Aynı zamanda reddedilmesi gereken de küçük burjuva
hastalık olarak herkesi kendisi gibi zannetme yanılsamasıdır. İkinci Dünya
Savaşı biter bitmez Stalin’le ilgili üretilen tezviratta biz Batılı
emperyalistlerin niyetlerini görüyoruz. Stalin’in yaptıklarını söyledikleri
şeyleri ya kendileri yaptılar ya da yapmayı düşünüyorlardı. Tüm kusurlarına
rağmen Stalin’i ve Troçki’yi önemli bir etiket değil, mevzi olarak
değerlendiriyoruz. Chavez’e ve Castro’ya ve başka isimlere edilen küfürlerin
ardındaki Troçkist katkısını görüyoruz. Troçki’nin emeği, devrimciliği onları
kurtarmıyor, gizlemiyor, aklamıyor. Biz, onlar gibi komünist olmayı batılı
efendilerden, özel bürolardan, işret sofralarından, istihbarat raporlarından
öğrenmek niyetinde değiliz. O olmayı, halkın sınıfsal kavgası öğretiyor.
Mülk edindikleri Troçki, Stalin gibi, mazlum-sömürülen
halkların mücadele tarihine ait.
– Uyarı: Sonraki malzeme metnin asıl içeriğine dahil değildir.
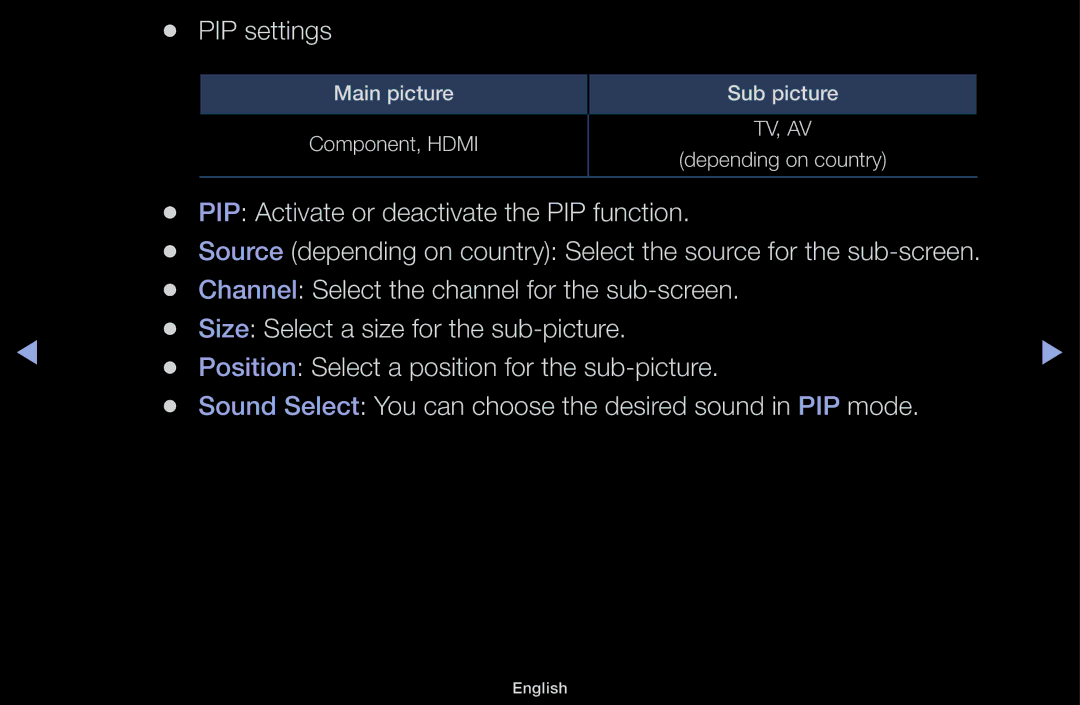 Samsung UA40F5000AMXSQ, UA46F5000AMXSQ, UA32F4000AMXSQ, UA55F6100AMXSQ, UA32F5000AMXSQ manual PIP settings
Tekraren: Bedreddin, sahip olunulan değil, ait
olunulan kavgaya çağrıdır. Bedreddin vaktinde yaşasa ona ciltler dolusu küfür
edeceklerin onun adını ağzına alamamaları gerekir. Aidiyet, o cilt veya küfür
değil, yoksulun, mazlumun adalet ve eşitlik mücadelesiyle ilgilidir.
Eren Balkır
25 Aralık 2016
Dipnotlar:
[1] Eren Balkır, “Yerli ve Milli Troçkizm”, 22 Aralık 2016, İştirakî.
[2] Gökçe Şentürk, “Stalinist İslam”, 25 Aralık 2016, Sosyalist Gündem.
[3] Dave Crouch, “Bolşevikler ve İslam”, 6 Nisan 2006,
İştirakî.
[4] Paul Robeson, “Sevgili Yoldaşa”, 7 Temmuz 2009, İştirakî.